» Aim of the task:
An exact copy of all the data below is needed, without its pictures.

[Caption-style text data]
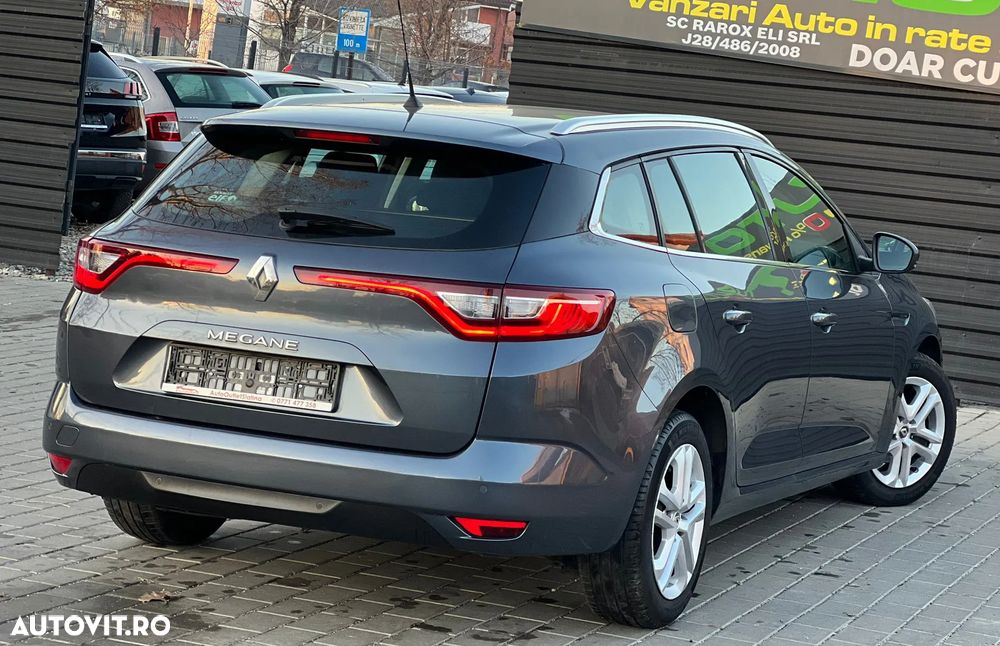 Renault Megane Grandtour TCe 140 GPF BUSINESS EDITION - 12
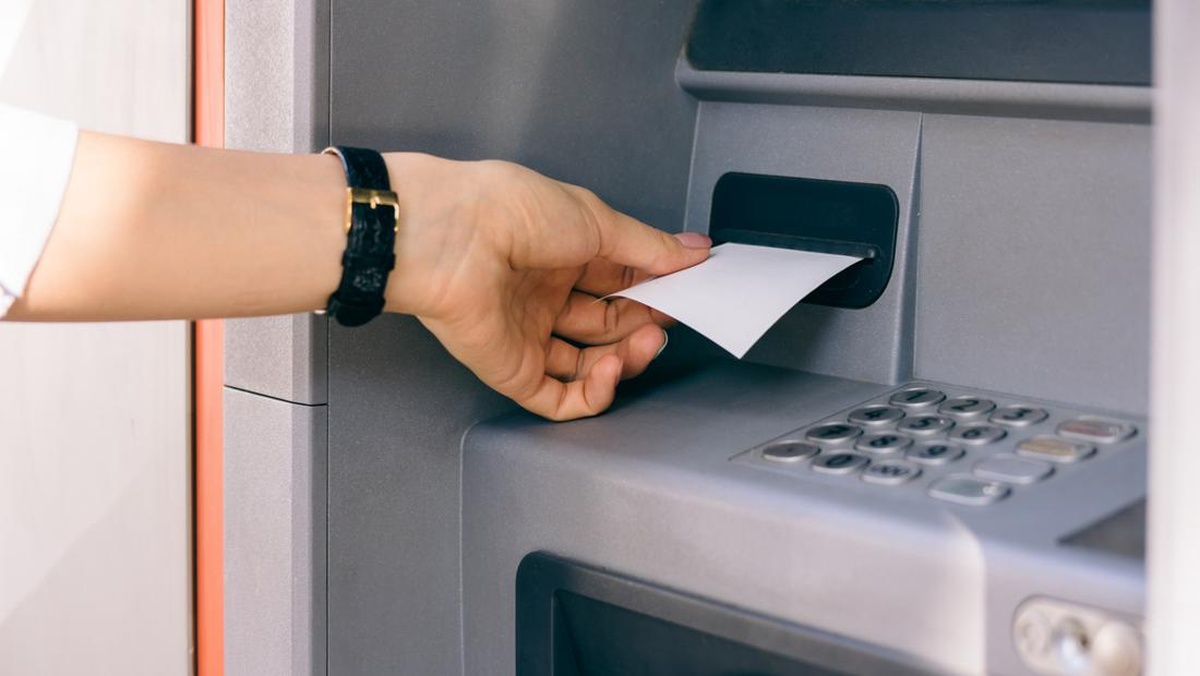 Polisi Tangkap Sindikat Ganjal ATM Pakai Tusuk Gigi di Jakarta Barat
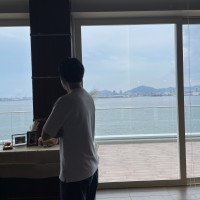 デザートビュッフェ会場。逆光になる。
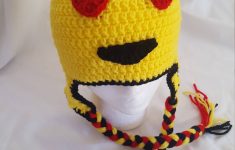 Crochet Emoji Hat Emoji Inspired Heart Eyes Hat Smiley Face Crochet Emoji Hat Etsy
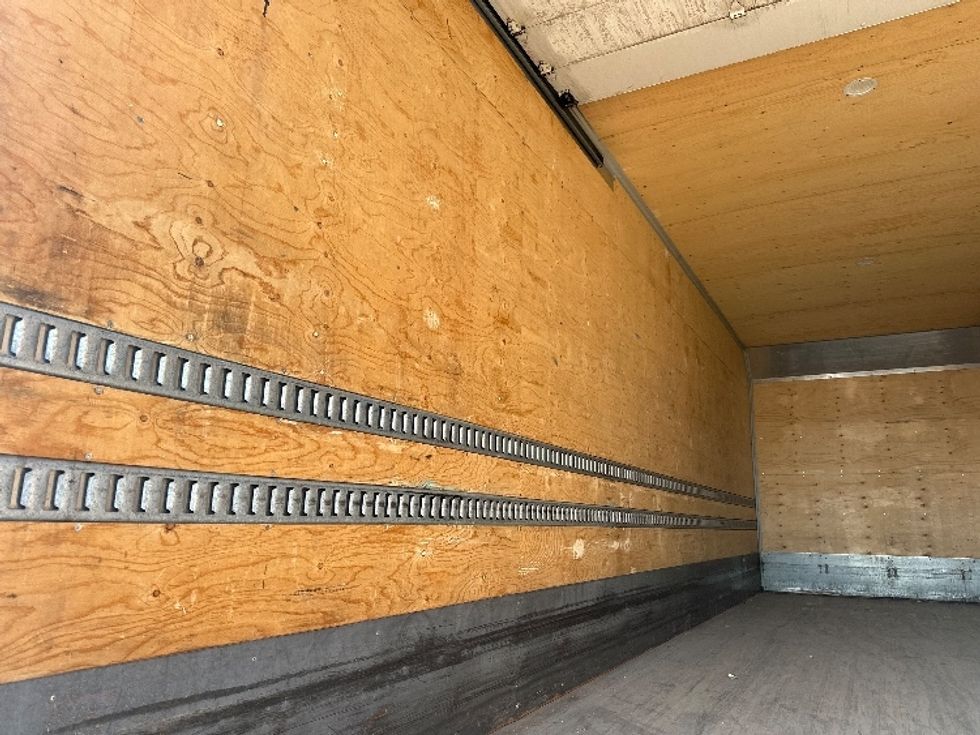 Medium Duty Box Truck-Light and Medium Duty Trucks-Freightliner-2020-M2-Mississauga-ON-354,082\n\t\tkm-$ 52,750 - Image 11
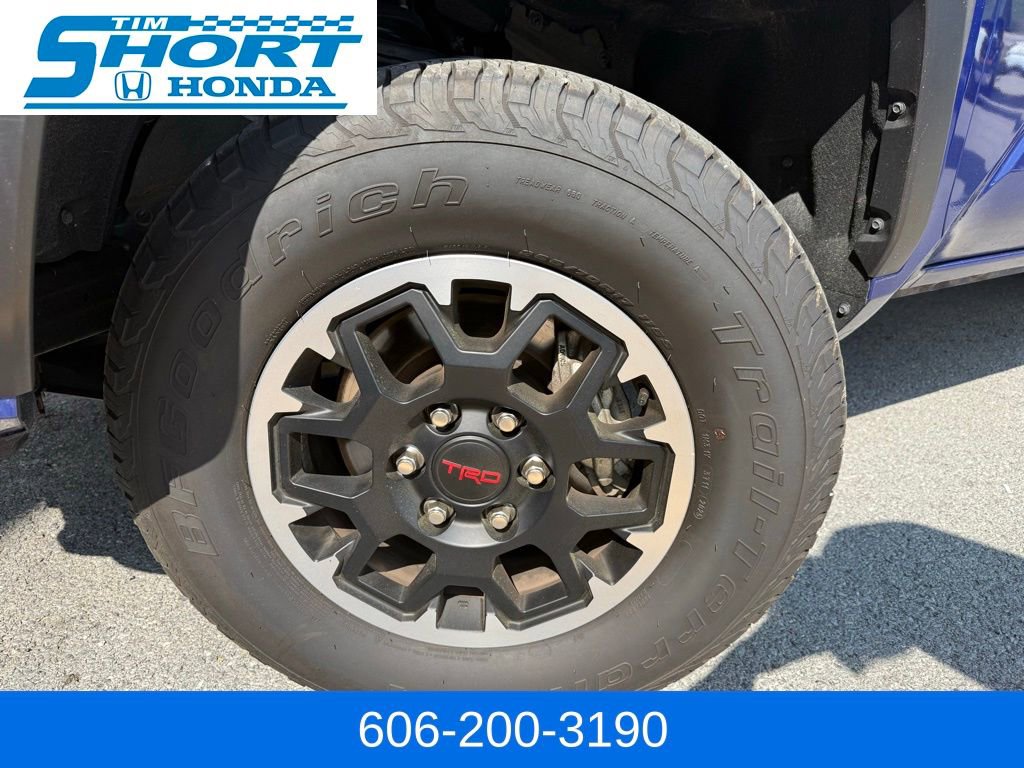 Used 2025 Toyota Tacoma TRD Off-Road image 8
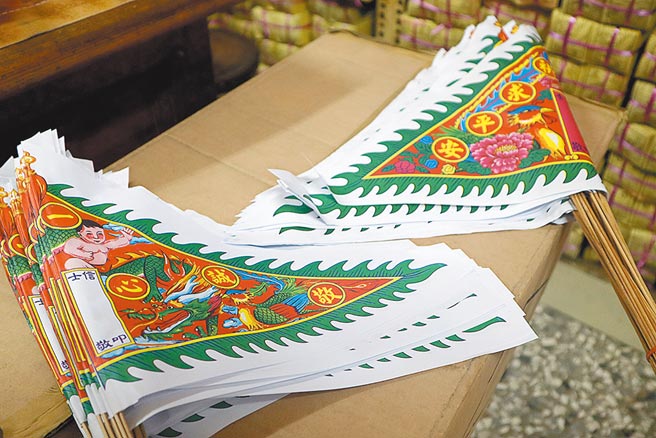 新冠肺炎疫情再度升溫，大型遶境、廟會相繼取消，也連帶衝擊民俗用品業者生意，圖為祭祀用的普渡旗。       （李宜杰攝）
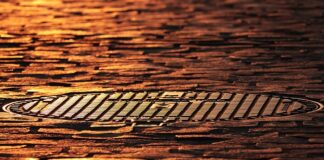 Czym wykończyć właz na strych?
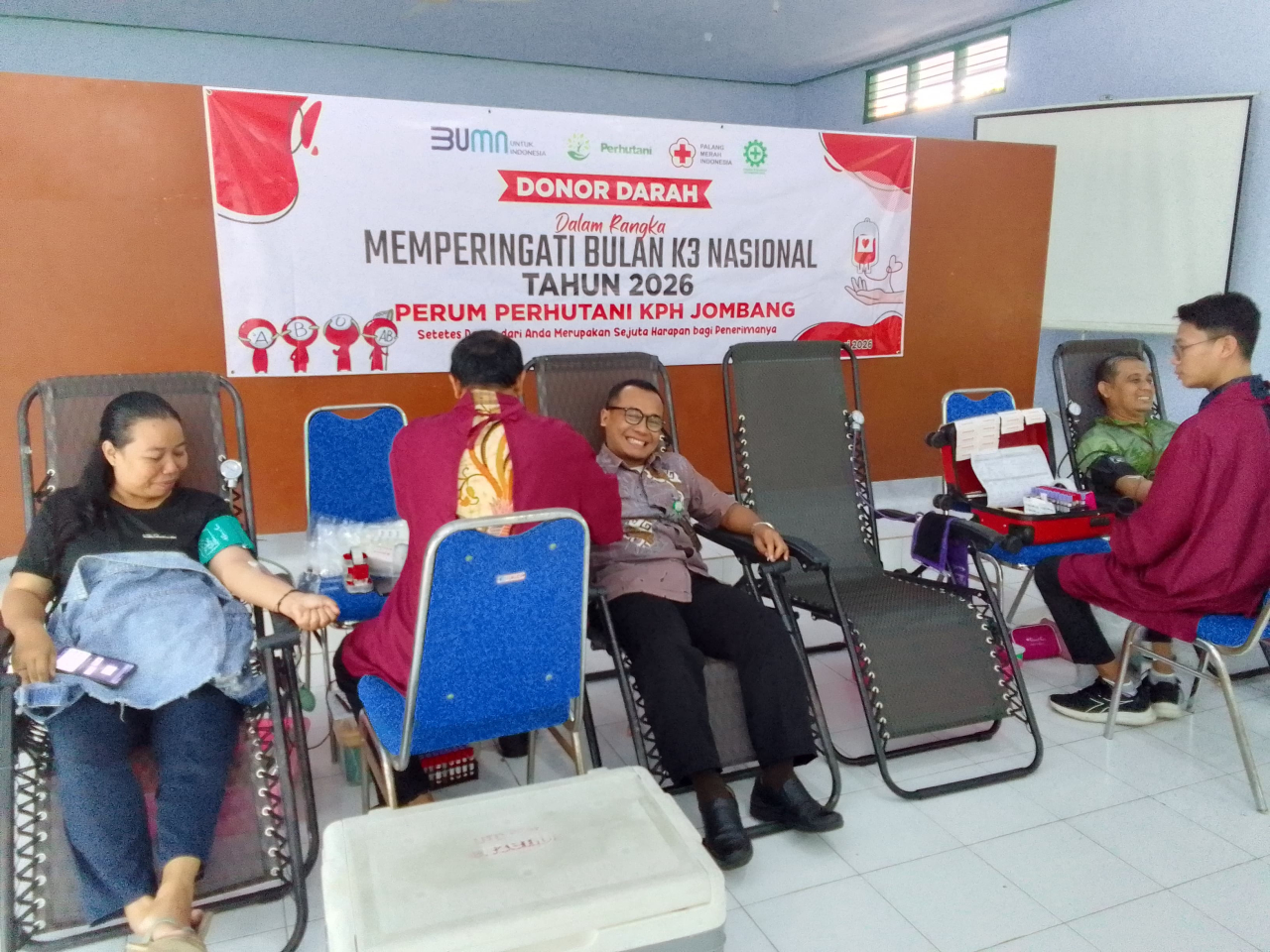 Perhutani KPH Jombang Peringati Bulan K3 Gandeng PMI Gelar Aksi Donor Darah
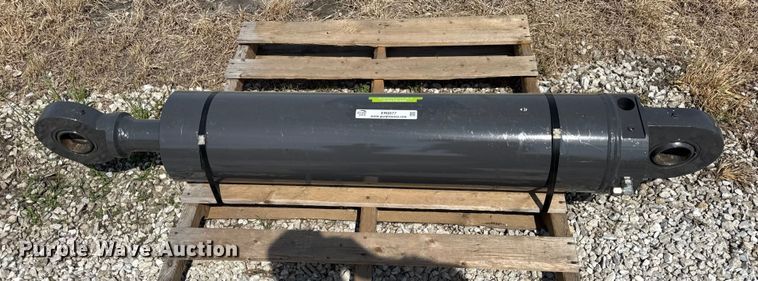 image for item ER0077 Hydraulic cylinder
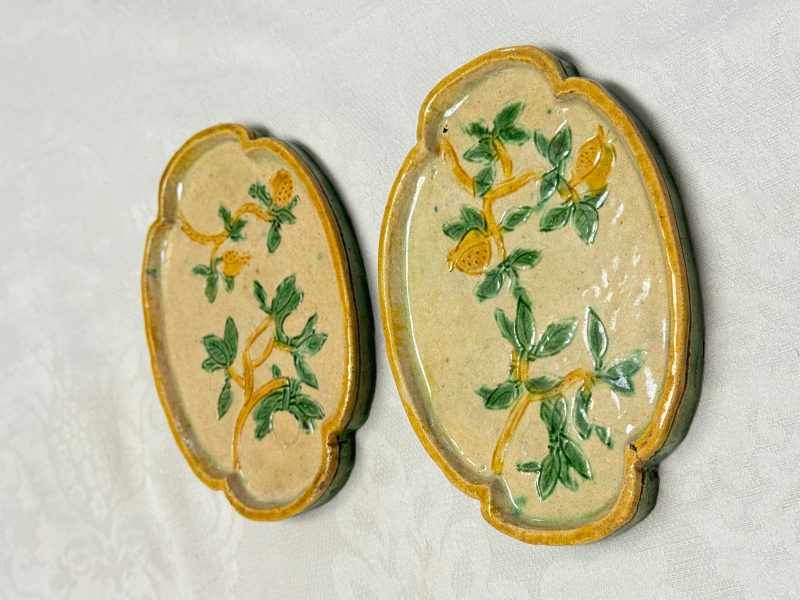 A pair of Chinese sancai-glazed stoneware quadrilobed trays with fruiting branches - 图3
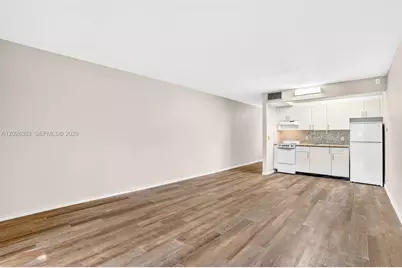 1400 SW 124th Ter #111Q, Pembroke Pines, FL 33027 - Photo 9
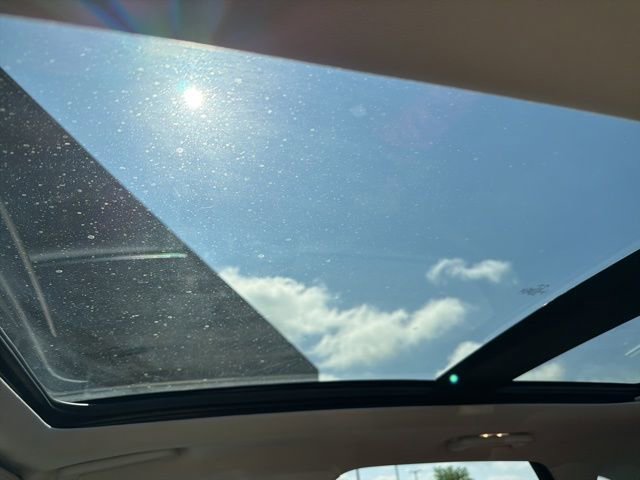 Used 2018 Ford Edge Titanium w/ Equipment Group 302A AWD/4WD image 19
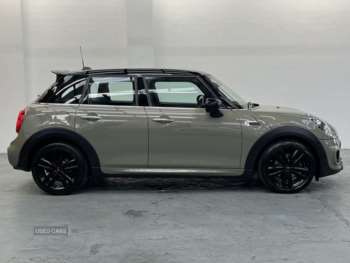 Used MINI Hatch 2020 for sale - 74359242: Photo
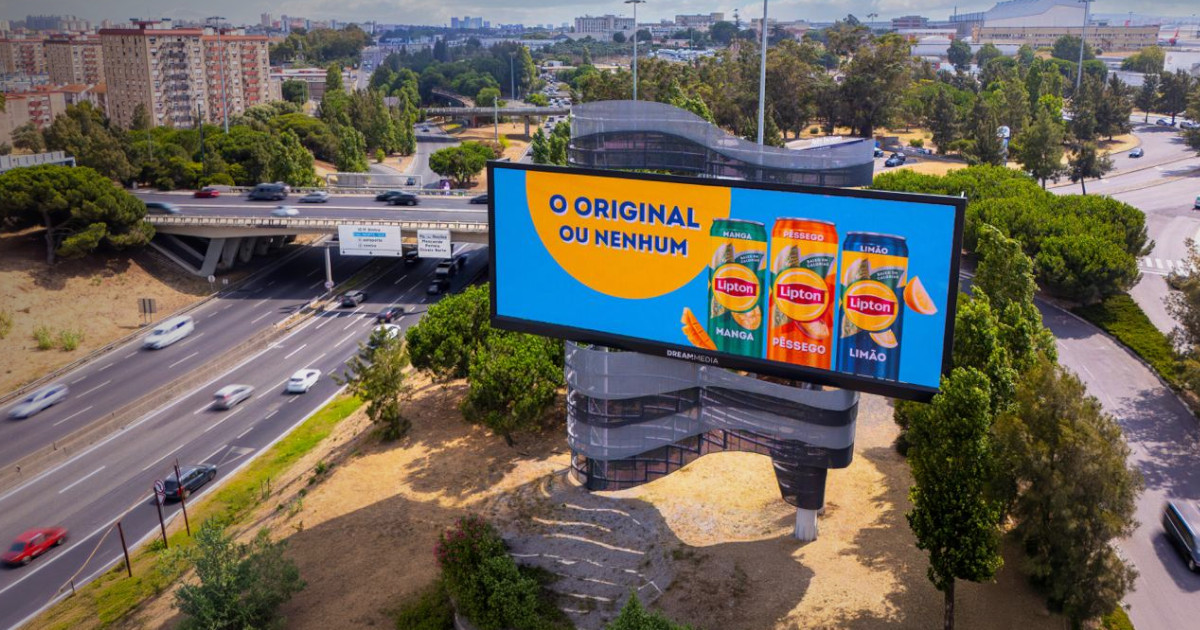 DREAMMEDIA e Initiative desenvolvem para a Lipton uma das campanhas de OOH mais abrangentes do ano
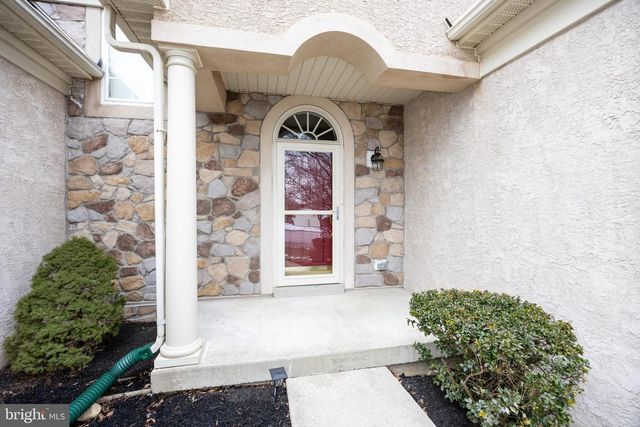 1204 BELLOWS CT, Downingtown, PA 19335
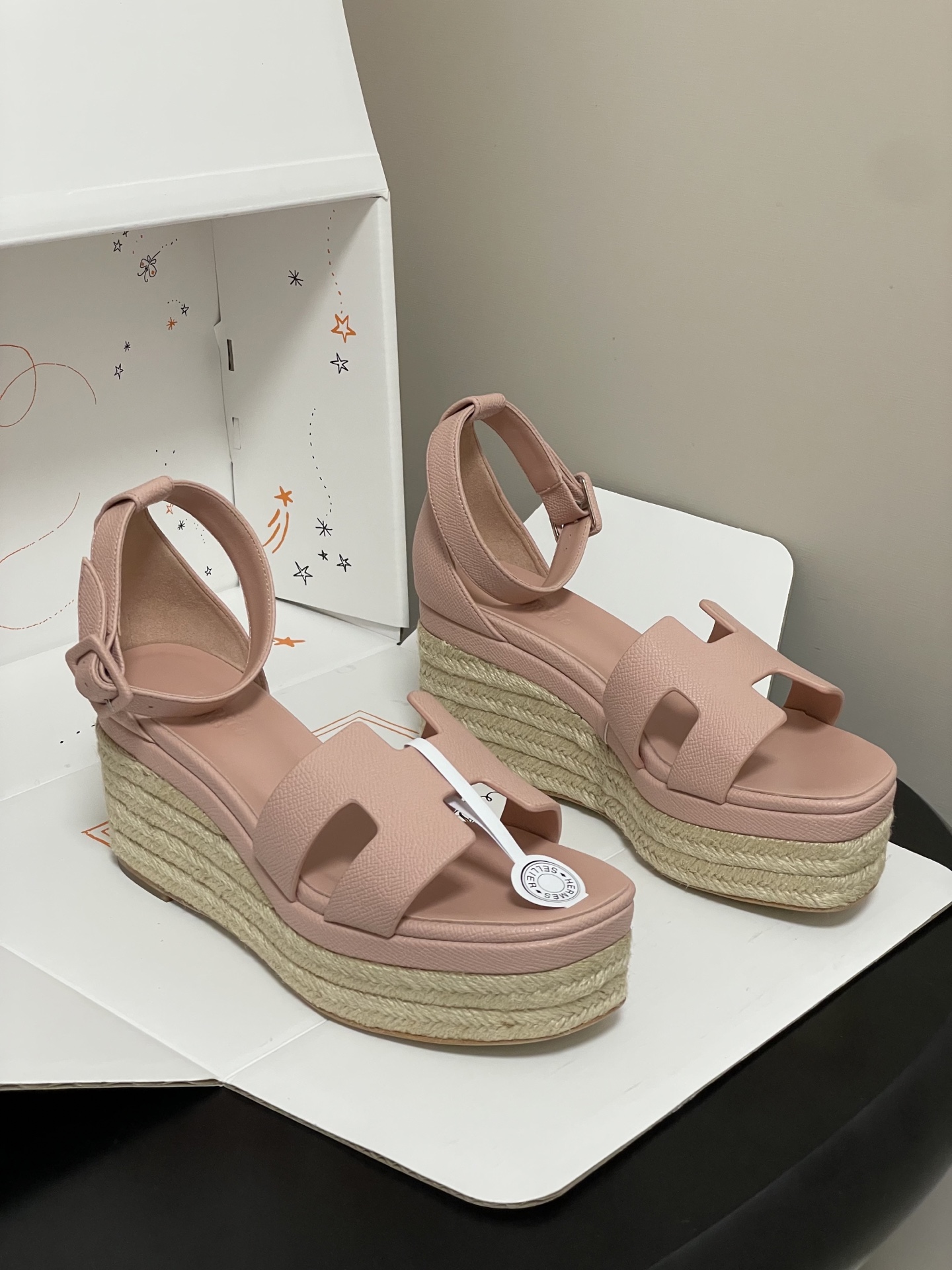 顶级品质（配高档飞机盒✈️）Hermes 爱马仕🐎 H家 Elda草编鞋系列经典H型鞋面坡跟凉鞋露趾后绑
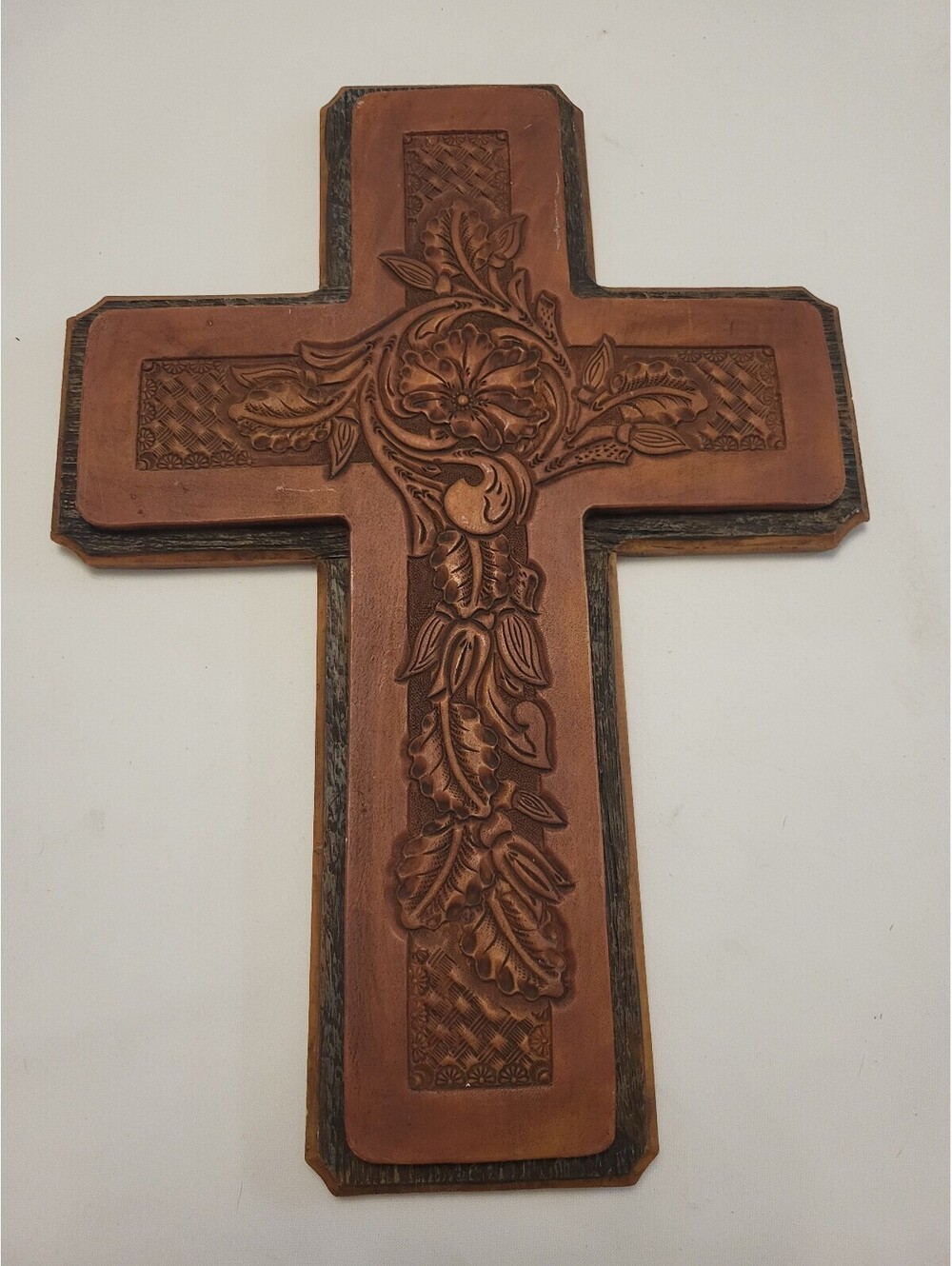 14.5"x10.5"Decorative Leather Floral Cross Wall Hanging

» Final answer:
 Renault Megane Grandtour TCe 140 GPF BUSINESS EDITION - 12
 Polisi Tangkap Sindikat Ganjal ATM Pakai Tusuk Gigi di Jakarta Barat
 デザートビュッフェ会場。逆光になる。
 Crochet Emoji Hat Emoji Inspired Heart Eyes Hat Smiley Face Crochet Emoji Hat Etsy
 Medium Duty Box Truck-Light and Medium Duty Trucks-Freightliner-2020-M2-Mississauga-ON-354,082\n\t\tkm-$ 52,750 - Image 11
 Used 2025 Toyota Tacoma TRD Off-Road image 8
 新冠肺炎疫情再度升溫，大型遶境、廟會相繼取消，也連帶衝擊民俗用品業者生意，圖為祭祀用的普渡旗。       （李宜杰攝）
 Czym wykończyć właz na strych?
 Perhutani KPH Jombang Peringati Bulan K3 Gandeng PMI Gelar Aksi Donor Darah
 image for item ER0077 Hydraulic cylinder
 A pair of Chinese sancai-glazed stoneware quadrilobed trays with fruiting branches - 图3
 1400 SW 124th Ter #111Q, Pembroke Pines, FL 33027 - Photo 9
 Used 2018 Ford Edge Titanium w/ Equipment Group 302A AWD/4WD image 19
 Used MINI Hatch 2020 for sale - 74359242: Photo
 DREAMMEDIA e Initiative desenvolvem para a Lipton uma das campanhas de OOH mais abrangentes do ano
 1204 BELLOWS CT, Downingtown, PA 19335
 顶级品质（配高档飞机盒✈️）Hermes 爱马仕🐎 H家 Elda草编鞋系列经典H型鞋面坡跟凉鞋露趾后绑
 14.5"x10.5"Decorative Leather Floral Cross Wall Hanging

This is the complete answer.